Bu yazımızla gayemiz yemek adabını öğretmek değil, Mut yöresindeki yarım asırdan fazla önceki yıllardaki yemek kültürünü zamanımıza aktarmaktır.
İnsanoğlu yaşadığı coğrafyanın kültür yapısına bağlı olarak yaşam biçimlerine uygun davranmıştır. Yani kültürel ögeler bir yaşam biçimidir.
Bu ögelerden biri de yemek kültürüdür.
Bir toplumdaki yiyecekler, içecekler ile bunların hazırlanması, sunulması, tüketilmesi ve damak zevki o toplumun yemek kültürünü oluşturur. Yemek kültürü içinde sadece yemek çeşitleri ve yapılışı değil aynı zamanda hazırlanma sebepleri ve sofra adabı da yer alır.
Kültürel özellikler toplumdan topluma, hatta aynı toplum içinde yöreden yöreye değişiklik gösterir. Bu değişim yörenin yemek kültürünü de etkiler ve zenginleştirir.
Sofra adabı öylesine güçlü bir göstergedir ki; insanlar hayatlarının diğer alanlarındaki adaplarını da sofra adabından öğrendiklerine göre uyarlamışlardır.

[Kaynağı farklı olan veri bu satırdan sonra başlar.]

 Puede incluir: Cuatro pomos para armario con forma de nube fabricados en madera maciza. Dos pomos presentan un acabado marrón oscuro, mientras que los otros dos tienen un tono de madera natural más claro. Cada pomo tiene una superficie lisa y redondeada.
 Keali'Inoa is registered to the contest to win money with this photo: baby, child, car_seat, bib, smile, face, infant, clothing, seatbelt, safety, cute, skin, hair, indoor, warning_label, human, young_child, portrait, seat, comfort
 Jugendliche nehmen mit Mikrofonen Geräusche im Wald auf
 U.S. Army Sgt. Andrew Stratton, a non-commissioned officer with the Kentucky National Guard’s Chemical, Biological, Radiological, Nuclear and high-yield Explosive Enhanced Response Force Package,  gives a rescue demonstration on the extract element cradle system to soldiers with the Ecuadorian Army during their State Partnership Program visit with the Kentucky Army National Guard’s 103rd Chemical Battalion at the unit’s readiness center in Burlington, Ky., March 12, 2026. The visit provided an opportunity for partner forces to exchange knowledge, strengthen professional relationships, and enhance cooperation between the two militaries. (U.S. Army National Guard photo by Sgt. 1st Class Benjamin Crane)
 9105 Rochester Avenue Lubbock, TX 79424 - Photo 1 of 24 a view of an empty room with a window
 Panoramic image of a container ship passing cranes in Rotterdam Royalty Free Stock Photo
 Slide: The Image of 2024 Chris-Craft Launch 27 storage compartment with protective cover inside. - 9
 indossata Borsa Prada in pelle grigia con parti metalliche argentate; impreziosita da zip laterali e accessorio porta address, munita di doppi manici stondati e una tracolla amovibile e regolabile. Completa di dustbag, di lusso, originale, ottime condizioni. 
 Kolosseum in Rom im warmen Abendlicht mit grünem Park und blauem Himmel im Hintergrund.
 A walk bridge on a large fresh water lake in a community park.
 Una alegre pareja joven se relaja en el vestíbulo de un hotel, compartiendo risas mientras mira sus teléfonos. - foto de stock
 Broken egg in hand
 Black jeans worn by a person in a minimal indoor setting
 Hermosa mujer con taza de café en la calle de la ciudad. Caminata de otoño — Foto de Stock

Eskiden sofra kurulumunda önce odanın ortasına, yere, geniş ve kalınca bir sofra bezi yayıldıktan sonra, onun da ortasına arkalıksız kahve iskemlesine benzeyen bir destek getirip konulurdu. Bazı evlerde bu destekler dört veya altı köşeli, açılır kapanır ayaklardan ibaretti, yani portetifdi. Kaldırınca, bastınız mı hemen yassılaşıverir; arkasından kocaman sini yuvarlıyarak getirilir, o desteğin üzerine yerleştirilir. Yere her fert için ince bir minder konur. Sini üzerine tahta kaşıklar sıralanır, yufka ekmekler konur. Madeni kaşık bulunmazdı veya bulunan evlerde günlük kullanılmazdı, özel misafirler gelirse çıkarılırdı. Herkes ekmeği kendi evinde yapardı. Fırından ekmek alınmazdı, yufka ekmek yapılırdı.
Pişen yemek geniş bir kaba konur sininin ortasına yerleştirilirdi. Herkes önündeki kısımdan yemeğini kaşıklardı, başkasının önünden almak ayıptı, yemekte konuşulmazdı, hem konuşursan zararın olur, sen konuşuken sofradakiler yemeği azaltacaklarından yarı tok sofradan kalkardın. Bizim kuşakta hızlı yemek yeme alışkanlığı vardır, bu çocukluğumuzda bir kaptan yemekten ileri gelmektedir.
Sofrada çatal bulunmazdı, bazı katı yemekler yufka ekmekten bir parça koparılarak üç parmak arasına alınarak yemek kabından elle yenilirdi.
Yemekten sonra sabunlu bez veya ibrik, leğen, sabun getirilir elleri oturduğumuz yerde temizlerdik. Her evde içerisinde ateş yakılan ocaklar bulunur, yemek tencerede bu ocaklarda pişirilirdi. Tencere bakırdan olurdu, içi mutlaka kalaylatılırdı.
Küllü çamur hazırlanır, tencerenin dışı küllenirdi. Böylece ateşin ısısının yavaş yavaş içeriye girmesi sağlanırdı. Yemek malzemesi tencereye konur kapağı kapatılarak ocakta yanan ateşteki saç ayağının üzerine yerleştirilirdi. Ateş zaman zaman zayıflarsa odun atılarak kuvvetlendirilirdi. Yemek tıkırdıyarak akşama kadar pişerdi. Tencerenin altındaki ateş sabit olmadığından, unutsanız bile yemek yanmaz, ondan dolayıdır ki ateşte pişen yemekler lezzetli olur. İşkembe, paça gibi yemekleri ise sabah erken ocağa koymak lazım, akşama kadar ancak pişer.